Question

A slab, \[8\] inches long, \[11\] inches wide & \[2\] inches thick is melted and solidified in the form of a rod of diameter \[8\] inches. What is the length of the rod in inches?

Answer 1

Hint:In such a type of question volume of \[2\] shapes after solidification is the same. So we simply have to find out the volume of slab from given data. Then have to assume a height of rod and then make the equation for volume. Then equating the two values we can get the height of the rod.


Complete step by step solution:
As we know the volume of slab before and after melting is the same.
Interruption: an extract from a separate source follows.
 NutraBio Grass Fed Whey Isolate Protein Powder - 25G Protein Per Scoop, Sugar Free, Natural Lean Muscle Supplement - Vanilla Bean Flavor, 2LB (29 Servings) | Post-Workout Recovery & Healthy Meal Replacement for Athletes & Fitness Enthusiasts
So the volume of the rod will also be the same as the volume of slab.
We know, length of slab \[ = {\text{ }}8{\text{ }}inch\],
Width of slab \[ = {\text{ }}11{\text{ }}inch\]and thickness of slab \[ = {\text{ }}2{\text{ }}inch\]
So the volume of slab \[ = {\text{ }}length{\text{ }} \times {\text{ }}width{\text{ }} \times {\text{ }}thickness\]
Volume of slab $ = 8 \times 11 \times 2$cubic inch
     $ = 176{\text{ cubic inch }}...{\text{(1)}}$
Radius of the rod is \[4\] inches and let us assume the length of rod is \[h\] .
Diameter of rod is \[8\] inch
Then the volume of the rod $ = \pi \times 4 \times 4 \times h{\text{ }}...{\text{(2)}}$ cubic inch
As the volume of slab and volume of rod is same, equating these two equations we get,
$176 = \pi \times 4 \times 4 \times h$
$176 = \dfrac{{22}}{7} \times 4 \times 4 \times h$
$\dfrac{{176 \times 7}}{{22 \times 4 \times 4}} = h$
$h = 3.5{\text{ inch}}$
So the length of the rod is \[3.5{\text{ }}inch\].
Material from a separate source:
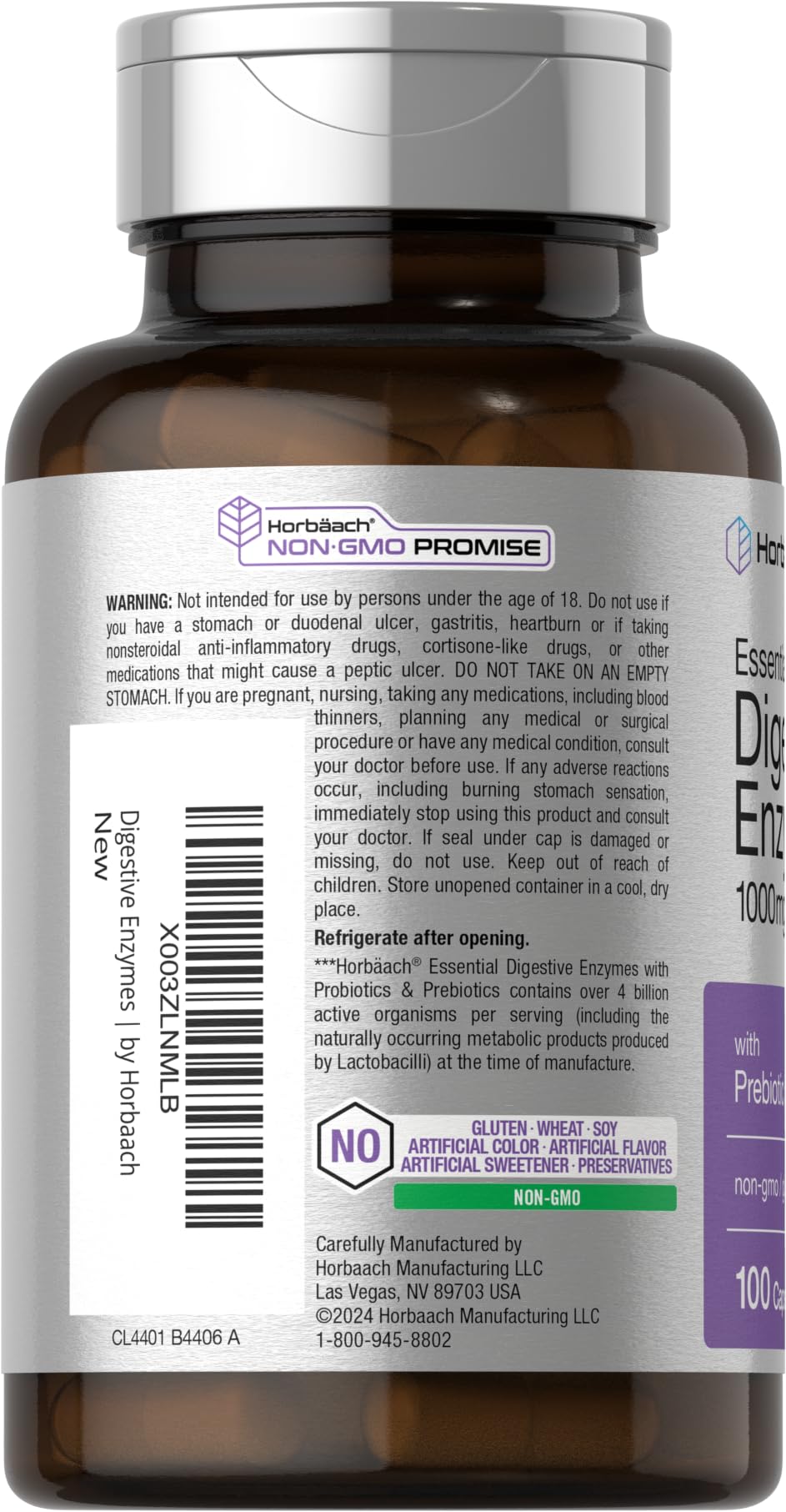 Horbäach Essential Digestive Enzymes bottle side view for compact daily use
Note: As the slab is being melted and then solidification is done in form of rod, so the volume is remaining unchanged. Volume of cuboid is equal to volume of cylinder and height of rod is assumed to form the volume equation, on putting various parameter’s values which are given we can get height of rod. Here we have to be conscious where the diameter or radius of rod is given to us. If diameter is given then we have to apply the formula for volume accordingly and vice versa.